Bishan Narain, J.
1. There was a joint family concern known as Ladha Mal and Sons consisting of Ladha Mal and his two sons Kundan Lal and Roshan Lal and their children. The family resided and carried on business in Wazirabad which now forms part of West Pakistan. On the 17th of December, 1945, a cash credit account was opened with the Wazirabad Branch of the Punjab National Bank Limited. The debit balance on the 3ist of December, 1946, stood at Rs. 28,273/0/6 in the Bank's books and on the 31st July, 1947, the debit balance was Rs. 22, 595/4/9. Against this cash credit account Ladha Mal as karta of the family had given to tha Bank as security gold jewellery weighing about 140 tolas 9 mashas and silver ornaments and utensils weighing about. 1373 tolas. During tha disturbances in August 1947 in Wazirabad Ladha Mal and his two sons lost their lives. The Wazirabad Branch of the Bank was closed on the 12th of August 1947 but, the Bank succeeded in bringing the pleaded gold and silver to Delhi. The Bank filed the present suit for the recovery of Rs. 19, 320/2/6 against the surviving, members of the family who are either widows of the family or minors. The suit was contested on various grounds and the trial Court framed the following five issues:--
1. What is the amount due to the plaintiff from firm Ladha Mal and Sons on the basis of the cash credit account
2. What is the effect of hundi for Rs. 5,000/- on firm Hari Das Gopal Das, Bombay, not having been presented to that firm?

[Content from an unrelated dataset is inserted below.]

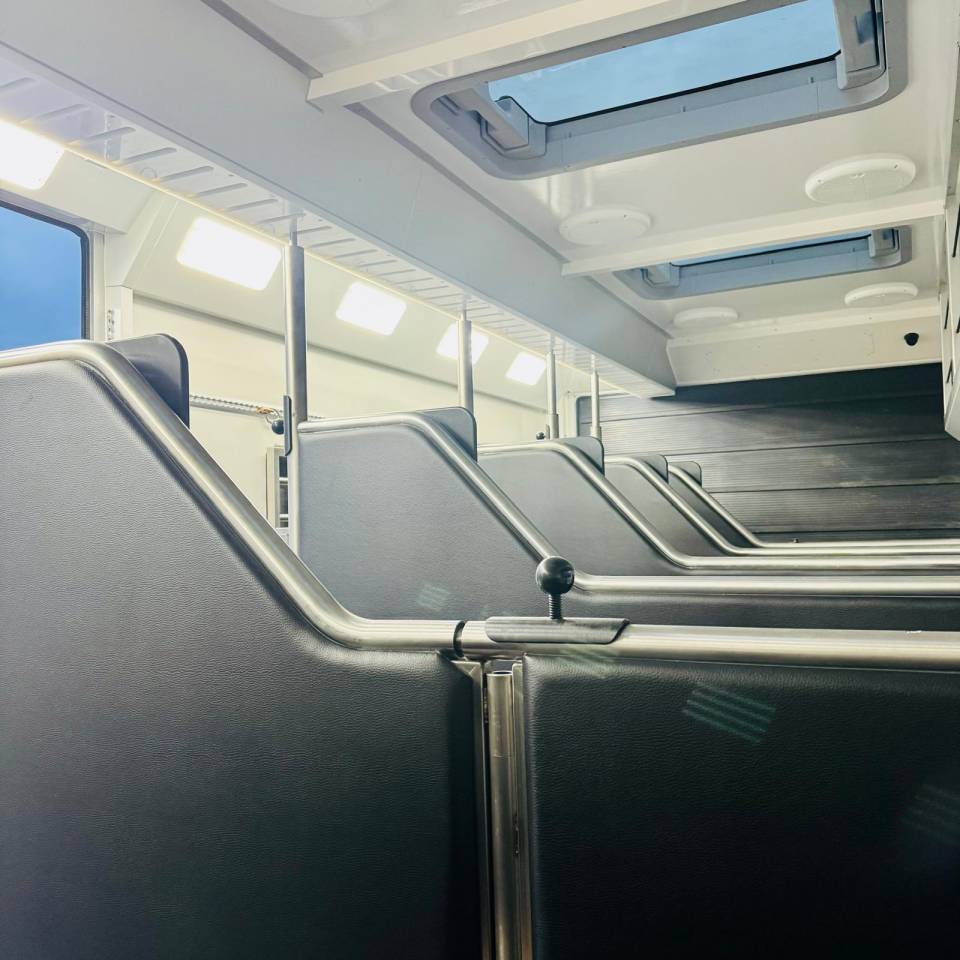 Camion chevaux 6 places home car 6 pers pop out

3. Were the cheques for Rs. 950/- and Rs. 6/- presented to the Imperial Bank, Ranchi, and the cheques were not cashed?
4. What is the effect of the hundi for Rs. 5,000/- on firm Ganeshi Lal-Jagdish Pershad of Delhi having been presented late?
5. What is the effect of no notice of dishonour having been served upon the defendant regarding hundis and cheques? After recording the evidence the Court decided all the issues against the Bank and dismissed the suit. The Bank has filed this appeal in this Court.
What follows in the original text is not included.